# What is being asked
Every line from the one containing "Vintage Wwi U." through the end of the listing below must be given again exactly, and nothing else; exclude pictures.

# Data for processing
Segment Open
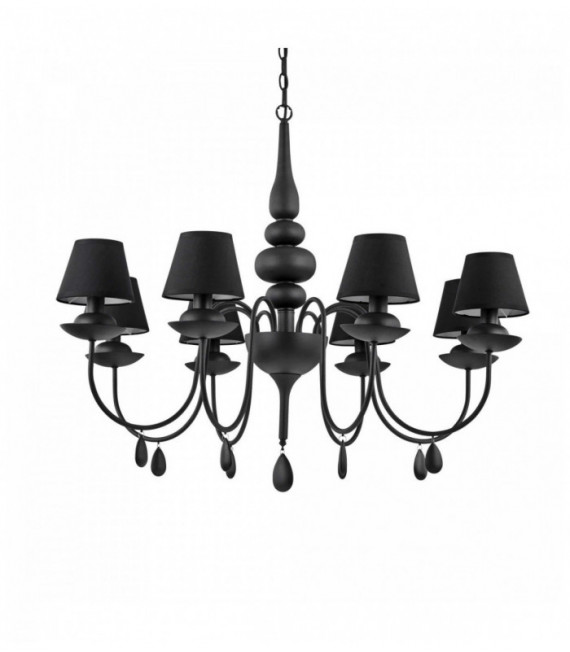 Lampadario nero BIANCO 8 lampadine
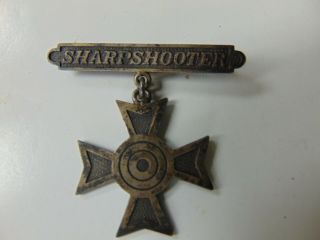 Vintage Wwi U.  S.  Sterling Sharpshooter Sniper Badge Medal Name Etched 1916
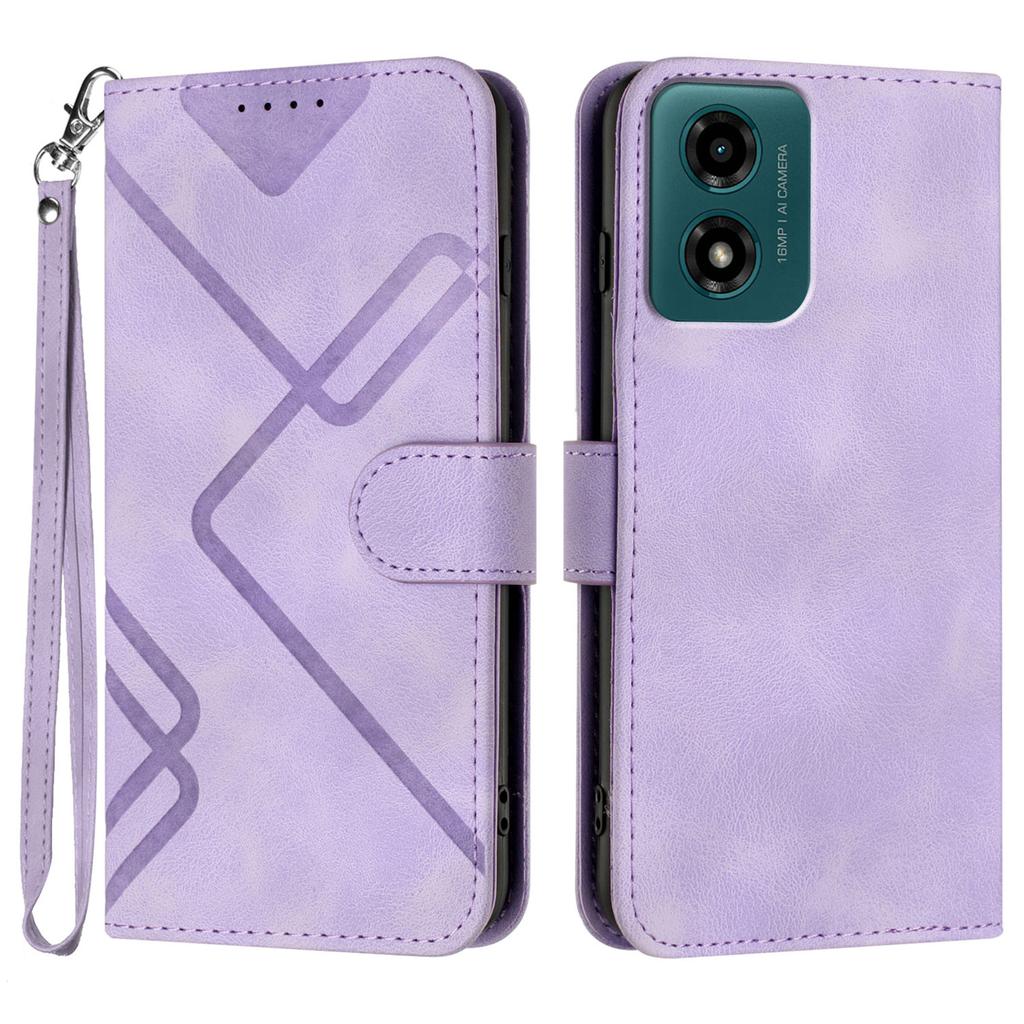 For Motorola Moto G04 4G/Motorola Moto G04s 4G/Motorola Moto G24 4G/Motorola Moto E14 4G Wallet Case Line Imprinted PU Leather Phone Cover with Strap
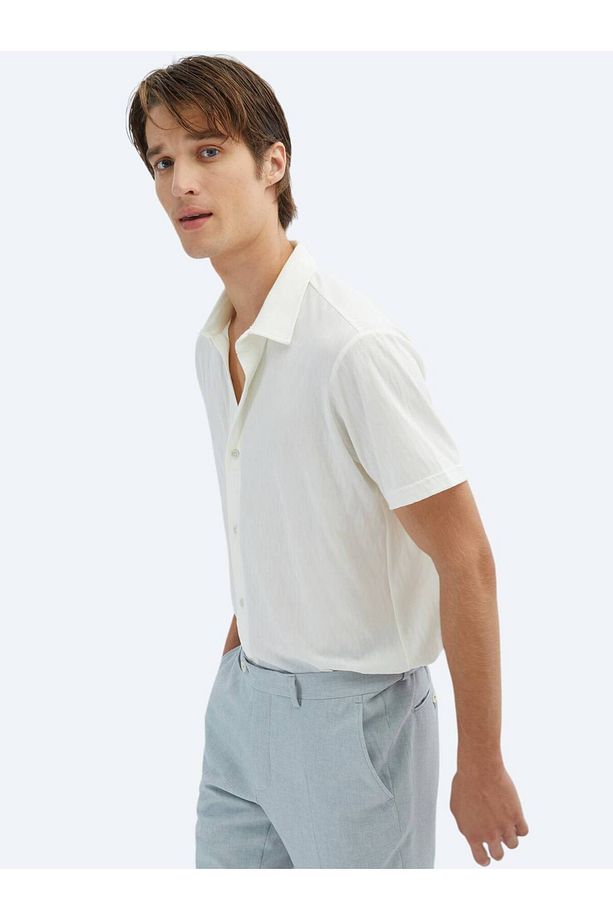 Ekru Desenli Regular Fit Casual Gömlek - 4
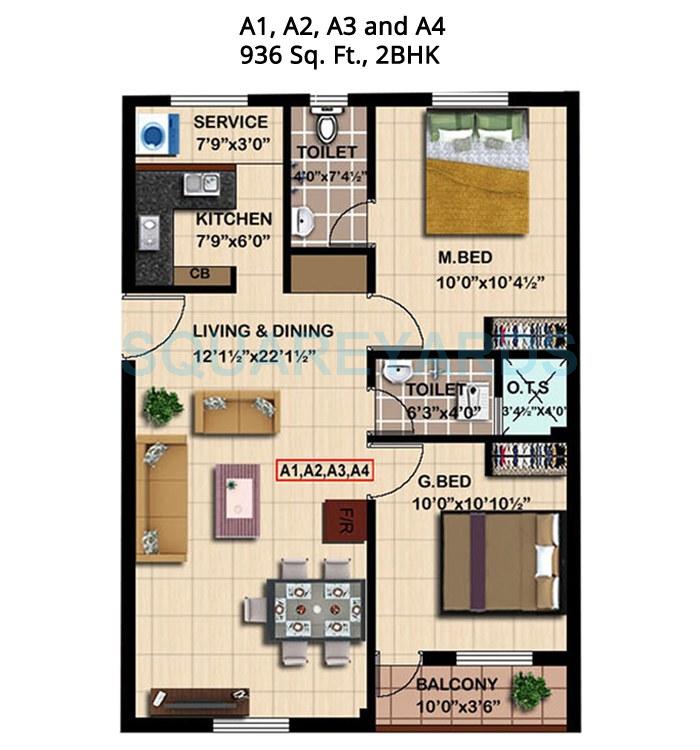 Floor plan of 2 BHK 936 Sq. Ft. Apartment in Steps Stone Mahathes, Chennai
Segment Closed
# The answer
 Vintage Wwi U.  S.  Sterling Sharpshooter Sniper Badge Medal Name Etched 1916
 For Motorola Moto G04 4G/Motorola Moto G04s 4G/Motorola Moto G24 4G/Motorola Moto E14 4G Wallet Case Line Imprinted PU Leather Phone Cover with Strap
 Ekru Desenli Regular Fit Casual Gömlek - 4
 Floor plan of 2 BHK 936 Sq. Ft. Apartment in Steps Stone Mahathes, Chennai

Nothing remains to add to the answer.